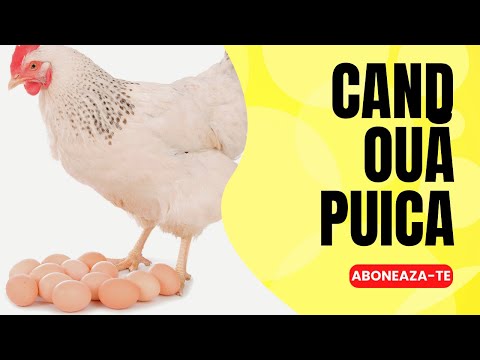 Video: Găinile au nevoie de cocoși pentru a depune ouă?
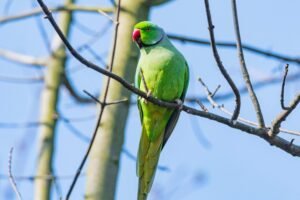 Rose-ringed Parakeet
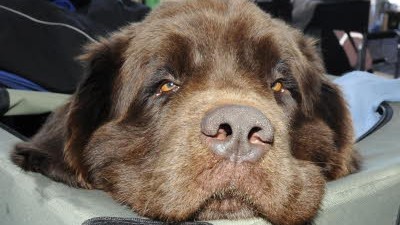 Prozess um einen traumatisierten Hund: Streitobjekt Hund: 1680 Euro muss eine Münchnerin für die Betreuung ihres Vierbeiners bezahlen.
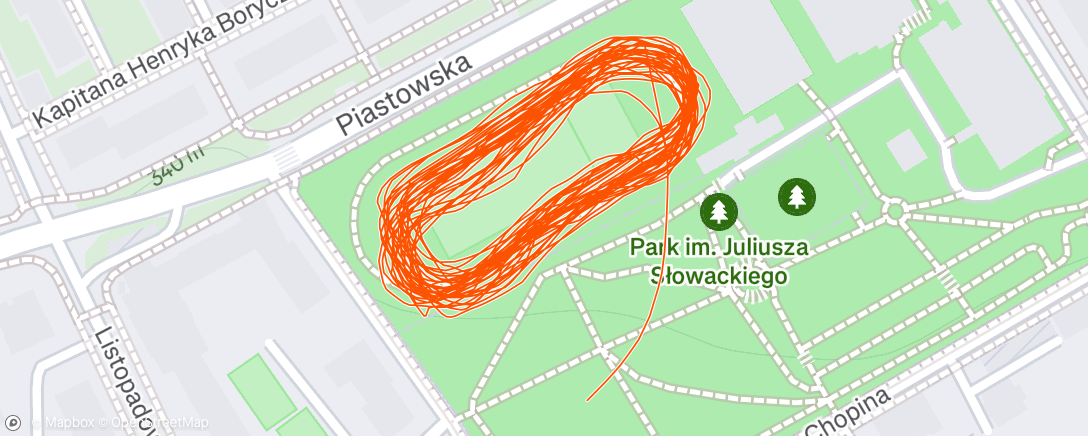 Map of the activity, Afternoon Run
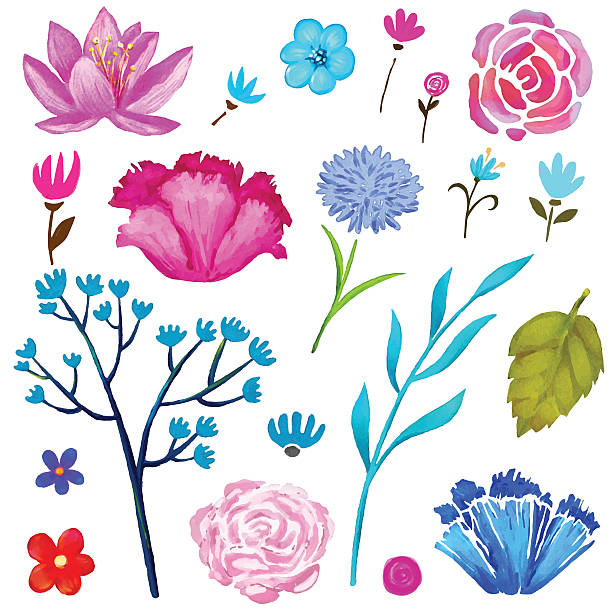illustrazioni stock, clip art, cartoni animati e icone di tendenza di set di fiori dipinti a mano ad acquerello, foglie e fiori - poppy pink close up cut flowers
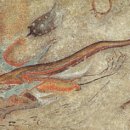 신선5호 이미지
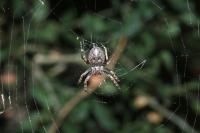 Nuctenea umbratica
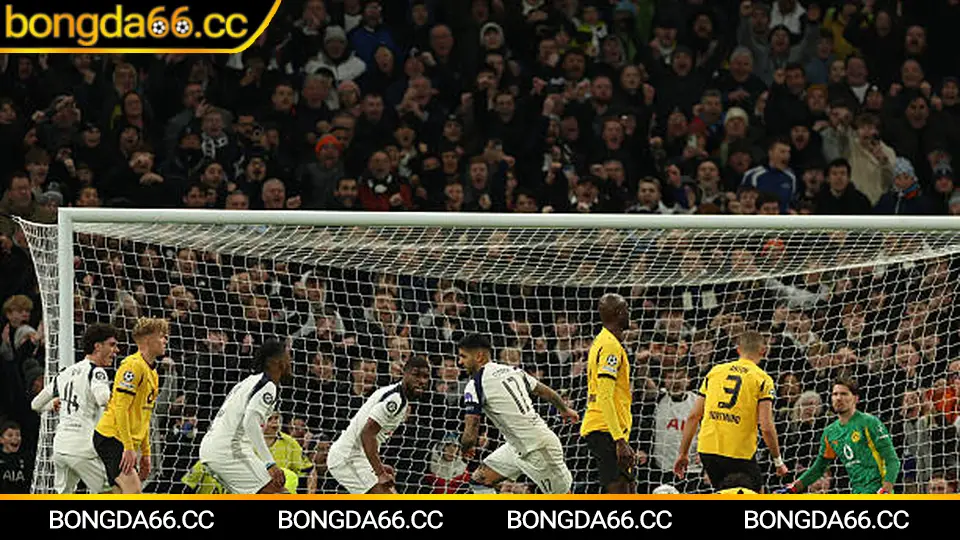 Mẹo đọc kèo nhà cái và quản trị vốn hiệu quả trên bongda66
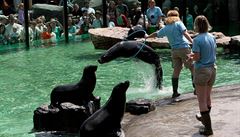 Lachtani v nové expozici pra�ské ZOO.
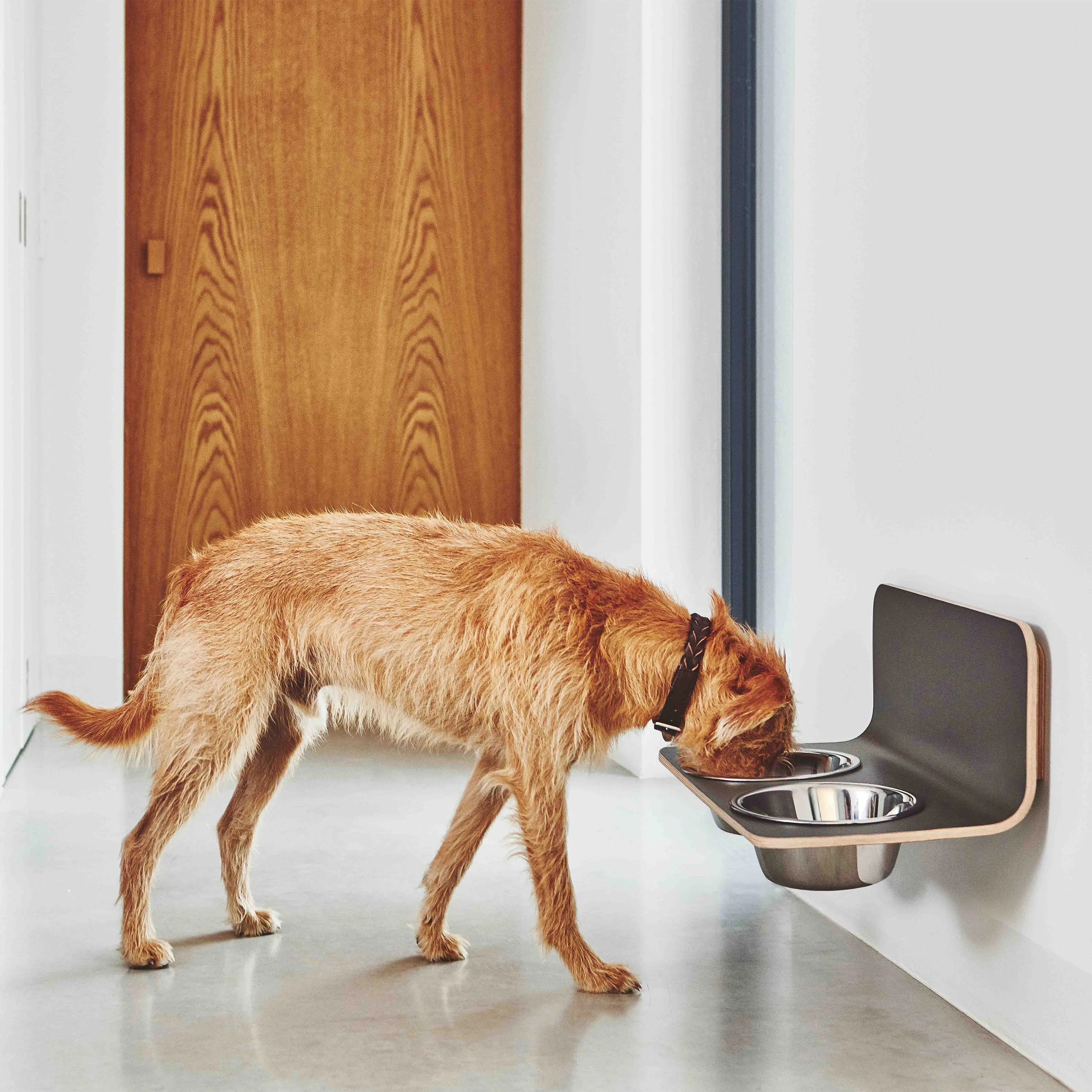 Arco Dog Feeder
+++
== Directions ==
Range to copy from the records above: the line containing "Rose-ringed Parakeet" to the line containing "Map of the activity, Afternoon Run", both included. Output those lines exactly and only those, skipping pictures.

== Output of the exercise ==
 Rose-ringed Parakeet
 Prozess um einen traumatisierten Hund: Streitobjekt Hund: 1680 Euro muss eine Münchnerin für die Betreuung ihres Vierbeiners bezahlen.
 Map of the activity, Afternoon Run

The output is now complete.